Auch das Verhalten Moskaus in der Krise gab zuletzt Rätsel auf. Denn obwohl Russland und Belarus durch einen Unionsstaat miteinander verbunden sind, rumpelt es zwischen den Partnern seit einiger Zeit gewaltig – zuletzt etwa wegen der Verhaftung von 32 Russen in Belarus kurz vor dem Urnengang, denen Lukaschenko ursprünglich einen Putschversuch vorwarf.
Zwar gratulierte der Kreml Lukaschenko zunächst zum Wahlsieg. Doch die Festnahme russischer Journalisten während der Proteste belastete das bilaterale Verhältnis. Auch das russische Staatsfernsehen berichtete ungewöhnlich offen über die Brutalität der belarussischen Sicherheitskräfte. Als der belarussische Staatschef am Samstag schließlich ein Telefonat mit Wladimir Putin erbat, konnte er dem Kreml-Chef nur eine recht unverbindliche Stellungnahme abringen: Es war von der „Überzeugung“die Rede, dass die Probleme in Belarus bald gelöst würden. Der Kreml vermerkte positiv, dass Minsk die 32 früher festgenommenen Russen freigelassen habe. Am Sonntag aber wurde der russische Standpunkt nachgeschärft. In einer neuen Aussendung verwies man plötzlich auf den „Druck von außen“, dem Minsk ausgesetzt sei. Moskau sprach nun von der „Bereitschaft für notwendige Hilfe im Falle sich vergrößernder Probleme“im Rahmen des Vertrags über die Kollektive Sicherheit (OVKS). Die OVKS ist ein von Russland geführtes Militärbündnis, dem auch Belarus angehört. Im Bündnisfall – einem Angriff von außen – können Mitglieder auf Unterstützung zählen.

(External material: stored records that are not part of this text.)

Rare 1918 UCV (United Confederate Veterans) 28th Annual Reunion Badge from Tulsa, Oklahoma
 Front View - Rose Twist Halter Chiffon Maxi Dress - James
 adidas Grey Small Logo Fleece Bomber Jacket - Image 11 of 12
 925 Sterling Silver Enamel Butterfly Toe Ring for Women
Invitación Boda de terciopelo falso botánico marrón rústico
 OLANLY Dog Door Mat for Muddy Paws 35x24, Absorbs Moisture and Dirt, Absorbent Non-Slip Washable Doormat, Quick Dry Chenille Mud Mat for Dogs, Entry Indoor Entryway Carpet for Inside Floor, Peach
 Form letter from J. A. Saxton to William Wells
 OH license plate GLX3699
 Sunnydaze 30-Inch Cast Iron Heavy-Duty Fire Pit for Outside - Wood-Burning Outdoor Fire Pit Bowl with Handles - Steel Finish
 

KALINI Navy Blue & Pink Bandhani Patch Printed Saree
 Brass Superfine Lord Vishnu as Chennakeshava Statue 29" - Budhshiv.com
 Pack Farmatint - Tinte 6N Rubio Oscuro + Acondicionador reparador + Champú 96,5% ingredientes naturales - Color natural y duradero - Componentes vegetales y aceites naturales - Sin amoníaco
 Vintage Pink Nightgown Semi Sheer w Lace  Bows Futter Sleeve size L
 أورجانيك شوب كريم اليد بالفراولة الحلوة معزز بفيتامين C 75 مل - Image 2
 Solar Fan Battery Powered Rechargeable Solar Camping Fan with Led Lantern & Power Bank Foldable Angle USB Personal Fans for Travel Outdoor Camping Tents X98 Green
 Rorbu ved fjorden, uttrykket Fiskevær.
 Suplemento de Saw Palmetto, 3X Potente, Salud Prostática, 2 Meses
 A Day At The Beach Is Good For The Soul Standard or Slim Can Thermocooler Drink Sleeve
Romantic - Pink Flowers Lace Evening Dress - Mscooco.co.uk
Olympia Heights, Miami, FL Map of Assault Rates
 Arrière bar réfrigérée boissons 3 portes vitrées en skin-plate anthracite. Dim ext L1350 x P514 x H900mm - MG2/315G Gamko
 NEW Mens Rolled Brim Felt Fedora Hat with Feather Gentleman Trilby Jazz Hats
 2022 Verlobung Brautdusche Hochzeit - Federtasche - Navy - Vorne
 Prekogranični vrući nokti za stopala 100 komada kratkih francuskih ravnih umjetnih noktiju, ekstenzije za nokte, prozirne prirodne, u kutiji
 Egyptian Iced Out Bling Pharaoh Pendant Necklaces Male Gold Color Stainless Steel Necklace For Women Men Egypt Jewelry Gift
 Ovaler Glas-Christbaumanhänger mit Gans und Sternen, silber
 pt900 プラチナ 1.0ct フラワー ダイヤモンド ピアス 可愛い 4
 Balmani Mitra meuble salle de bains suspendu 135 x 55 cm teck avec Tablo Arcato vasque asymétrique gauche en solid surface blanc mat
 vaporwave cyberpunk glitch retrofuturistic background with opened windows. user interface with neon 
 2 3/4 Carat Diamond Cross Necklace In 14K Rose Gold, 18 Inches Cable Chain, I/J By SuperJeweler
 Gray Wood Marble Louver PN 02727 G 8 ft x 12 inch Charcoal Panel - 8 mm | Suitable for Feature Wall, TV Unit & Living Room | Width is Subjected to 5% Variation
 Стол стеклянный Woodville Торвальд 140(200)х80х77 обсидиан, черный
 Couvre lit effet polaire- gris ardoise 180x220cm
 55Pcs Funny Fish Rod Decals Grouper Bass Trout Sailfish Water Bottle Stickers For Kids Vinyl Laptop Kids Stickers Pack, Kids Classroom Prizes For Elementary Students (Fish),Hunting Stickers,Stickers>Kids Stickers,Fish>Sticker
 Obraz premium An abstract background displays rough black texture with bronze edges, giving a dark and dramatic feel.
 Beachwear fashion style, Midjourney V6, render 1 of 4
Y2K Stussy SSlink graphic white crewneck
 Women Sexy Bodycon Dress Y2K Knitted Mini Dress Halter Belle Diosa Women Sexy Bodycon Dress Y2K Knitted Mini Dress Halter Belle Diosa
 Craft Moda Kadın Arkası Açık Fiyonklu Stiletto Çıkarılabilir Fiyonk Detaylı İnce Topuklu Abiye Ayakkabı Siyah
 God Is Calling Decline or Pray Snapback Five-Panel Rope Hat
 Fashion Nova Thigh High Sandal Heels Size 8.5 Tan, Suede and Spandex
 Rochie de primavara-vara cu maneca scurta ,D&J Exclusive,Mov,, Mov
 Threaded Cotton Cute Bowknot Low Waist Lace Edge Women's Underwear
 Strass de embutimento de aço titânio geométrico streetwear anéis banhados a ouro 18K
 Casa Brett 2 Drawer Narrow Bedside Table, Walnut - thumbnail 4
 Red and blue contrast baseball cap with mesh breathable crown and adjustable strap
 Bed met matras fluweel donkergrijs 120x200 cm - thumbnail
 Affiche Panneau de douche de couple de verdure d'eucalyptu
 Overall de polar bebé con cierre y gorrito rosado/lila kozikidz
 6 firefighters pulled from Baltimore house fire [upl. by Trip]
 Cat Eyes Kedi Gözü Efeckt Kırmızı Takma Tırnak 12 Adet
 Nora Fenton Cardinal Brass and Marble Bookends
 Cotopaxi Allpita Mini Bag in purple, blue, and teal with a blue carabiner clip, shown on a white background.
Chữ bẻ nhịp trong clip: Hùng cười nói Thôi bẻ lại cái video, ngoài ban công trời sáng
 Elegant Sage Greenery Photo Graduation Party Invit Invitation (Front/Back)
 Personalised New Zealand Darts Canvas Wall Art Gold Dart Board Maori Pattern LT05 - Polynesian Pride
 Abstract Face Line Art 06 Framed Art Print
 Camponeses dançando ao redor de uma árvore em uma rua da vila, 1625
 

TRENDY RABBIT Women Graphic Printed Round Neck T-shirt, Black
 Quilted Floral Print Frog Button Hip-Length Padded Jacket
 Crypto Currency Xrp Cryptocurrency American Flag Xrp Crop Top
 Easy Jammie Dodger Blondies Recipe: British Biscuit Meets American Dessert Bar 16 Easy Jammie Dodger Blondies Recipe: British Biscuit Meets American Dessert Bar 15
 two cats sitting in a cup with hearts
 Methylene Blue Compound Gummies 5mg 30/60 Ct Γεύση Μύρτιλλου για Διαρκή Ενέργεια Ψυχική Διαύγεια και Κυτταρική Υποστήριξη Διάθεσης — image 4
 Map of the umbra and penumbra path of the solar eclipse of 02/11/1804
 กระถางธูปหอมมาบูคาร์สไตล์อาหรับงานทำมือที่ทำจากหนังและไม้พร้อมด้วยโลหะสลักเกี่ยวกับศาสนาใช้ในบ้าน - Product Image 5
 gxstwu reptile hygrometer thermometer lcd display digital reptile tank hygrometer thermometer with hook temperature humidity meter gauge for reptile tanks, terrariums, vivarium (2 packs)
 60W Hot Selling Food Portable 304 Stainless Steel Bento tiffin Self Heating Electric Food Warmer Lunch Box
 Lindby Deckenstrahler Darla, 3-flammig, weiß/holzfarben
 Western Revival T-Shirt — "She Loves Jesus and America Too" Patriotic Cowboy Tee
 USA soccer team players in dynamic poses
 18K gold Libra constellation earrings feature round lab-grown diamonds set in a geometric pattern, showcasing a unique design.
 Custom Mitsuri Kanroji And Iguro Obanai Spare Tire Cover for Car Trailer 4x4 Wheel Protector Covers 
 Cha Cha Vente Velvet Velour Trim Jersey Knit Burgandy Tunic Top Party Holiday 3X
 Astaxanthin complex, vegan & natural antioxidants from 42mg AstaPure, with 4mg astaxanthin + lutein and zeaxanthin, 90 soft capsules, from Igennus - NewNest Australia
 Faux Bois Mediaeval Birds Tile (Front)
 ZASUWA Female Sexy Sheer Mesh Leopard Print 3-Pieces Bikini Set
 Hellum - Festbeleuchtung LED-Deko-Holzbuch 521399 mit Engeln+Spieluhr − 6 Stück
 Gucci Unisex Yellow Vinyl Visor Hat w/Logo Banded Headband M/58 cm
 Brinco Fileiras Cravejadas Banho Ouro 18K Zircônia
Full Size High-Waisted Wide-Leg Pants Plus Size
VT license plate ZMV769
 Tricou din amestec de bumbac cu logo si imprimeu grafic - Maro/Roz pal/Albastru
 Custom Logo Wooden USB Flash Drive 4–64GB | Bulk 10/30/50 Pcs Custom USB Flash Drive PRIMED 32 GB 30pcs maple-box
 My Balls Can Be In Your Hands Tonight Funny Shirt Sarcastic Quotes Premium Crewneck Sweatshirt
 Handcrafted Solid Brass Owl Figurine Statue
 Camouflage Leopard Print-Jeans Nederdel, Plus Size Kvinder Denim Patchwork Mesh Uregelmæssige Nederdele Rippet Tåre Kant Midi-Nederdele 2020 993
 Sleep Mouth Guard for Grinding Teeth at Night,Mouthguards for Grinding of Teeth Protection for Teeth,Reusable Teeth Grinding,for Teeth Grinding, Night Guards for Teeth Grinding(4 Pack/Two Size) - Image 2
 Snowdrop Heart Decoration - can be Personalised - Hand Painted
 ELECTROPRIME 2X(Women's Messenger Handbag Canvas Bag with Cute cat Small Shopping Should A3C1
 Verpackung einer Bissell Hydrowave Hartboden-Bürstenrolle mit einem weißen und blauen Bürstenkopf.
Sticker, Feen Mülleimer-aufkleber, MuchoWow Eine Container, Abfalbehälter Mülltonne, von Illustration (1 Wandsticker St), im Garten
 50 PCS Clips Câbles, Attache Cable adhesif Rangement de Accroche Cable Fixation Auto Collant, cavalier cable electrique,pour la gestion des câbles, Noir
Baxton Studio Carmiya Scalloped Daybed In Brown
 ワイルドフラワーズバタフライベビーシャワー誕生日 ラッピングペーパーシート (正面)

Lässt sich Moskau auf ein militärisches Abenteuer in Belarus ein? Dagegen sprechen vor allem der geringe innenpolitische Nutzen sowie die niedrige Popularität von Lukaschenko in Belarus und Russland. Ganz auszuschließen ist es nicht: Nämlich wenn es Lukaschenko gelingt, den Kreml davon zu überzeugen, dass es den angeblichen „äußeren Feind“wirklich gibt.